神奈川県 神田敏昭さん(20代・運送業)の恐怖体験談
友人たちとのバイクツーリングで、実際に体験した出来事です。
昨年の秋、月に一度か二度のペースで集まっている仲間内のツーリングがありました。 その日はいつもより気合の入った、一泊二日の小旅行です。
集まったのは私を入れて五人。 朝七時、県内に住む友人・Aのマンションの駐車場に、各々自慢のバイクで集合しました。 目的地は静岡県の下田。伊豆半島をぐるりと周遊しながら海鮮を食べ、帰りに温泉へ寄る。そんな計画でした。
一日目は天気にも恵まれ、気持ちのいい走りを楽しめました。
おかしくなったのは、二日目です。
いよいよ最後の温泉へ向かおうという時、天気予報には出ていなかったはずの雷雨が、突然私たちを襲いました。
慌てて道の駅に飛び込み、緊急避難。 雨脚を見ながら相談した結果、その日はもう温泉には寄らず、休憩なしでAのマンションまで一気に帰ることに決めました。
雨が少し弱まったタイミングで出発しました。 けれど、そこからが地獄でした。
周りを山に囲まれた地形のせいなのか、強く降ったと思えば急に小降りになり、また叩きつけるように降ってくる。バイク乗りにとっては最悪としか言いようのないコンディションが、ずっと続きました。
いちばん運転がうまいSが、いつも最後尾を任されていました。 先頭を走るのは私の役目です。 ただ、あの状況では自分のことで精一杯で、後ろがちゃんとついてきているかなんて、確認する余裕もありませんでした。ただ前だけを見て、Aのマンションを目指して走り続けました。
ずぶ濡れになりながら、ようやく辿り着きました。 少し遅れて、三人が次々と駐車場に入ってきます。
けれど、最後尾を走っていたはずのSだけが、いつまで経っても来ません。
本当なら待つべきだったんでしょう。 でも、みんな寒くて仕方がなかったし、なにより一番運転のうまいSのことです。誰も本気で心配はしていませんでした。 先にAの部屋に上がって、着替えながら待とうという話になりました。
「それにしてもSの奴、遅いな」 「どっかですっ転んだんじゃねぇの」 「泊まりでよかったよ、着替え持ってきてて」
そんな軽口を叩きながら体を拭いていた時、ふと携帯を見ると、Sから何件も着信が入っていることに気づきました。

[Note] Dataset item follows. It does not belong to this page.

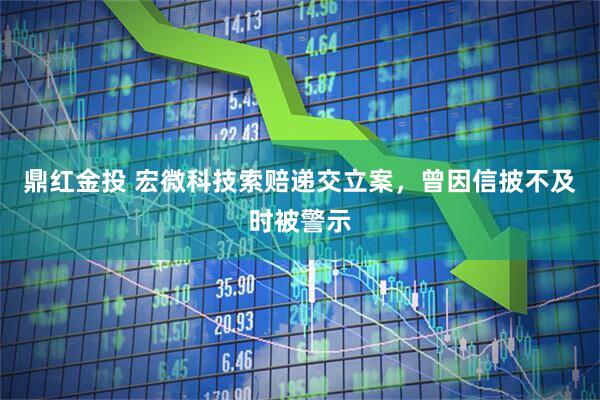 鼎红金投 宏微科技索赔递交立案，曾因信披不及时被警示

嫌な予感がして、折り返そうと携帯を握った、その時です。
「おいN!」
Aが急に声を荒らげました。
「なんでお前、いつまでもビシャビシャなんだよ!」
Nは、最後尾のSのひとつ前を走っていた男です。 渡したはずのタオルは、絞れそうなほど水を含んでいます。
「・・・ワカラナイ・・・ナンデ・・・ダロウ・・・」
Nがぽつりと呟くその足元には、フローリングの床にはっきりとわかるほどの水溜りが、じわじわと広がっていました。
私が何が起きているのか理解できずにいると、手の中の携帯が鳴りました。 Sからでした。
恐る恐る出ると、電話の向こうでSの声が震えていました。
「もしもし・・・俺、今、警察にいるんだけど」
「Nが・・・橋の欄干にぶつかって、そのまま下の川に落ちて・・・し、死んだぞ・・・!」
「いや・・・でも・・・Nは今・・・」
上擦った私の声に、部屋にいた全員がNの方を振り返りました。
「お・・・おい、N。お前・・・死んだらしいぞ」
私がそう告げると、Nは寂しそうに、薄く笑いました。
「・・・ヤッパリ・・・ソウカ・・・」
そう言った瞬間でした。 Nの体から白い煙のようなものが立ちのぼり、輪郭がみるみるぼやけていきます。
二、三秒後には、濡れたタオルと床の水溜りだけを残して、Nの姿は消えてしまいました。
私たちは慌てて濡れたつなぎに袖を通し、Nが安置されているという警察へ向かうことにしました。
駐車場に降りると、Nのバイクを停めていた場所だけが、不自然にぽっかりと空いていました。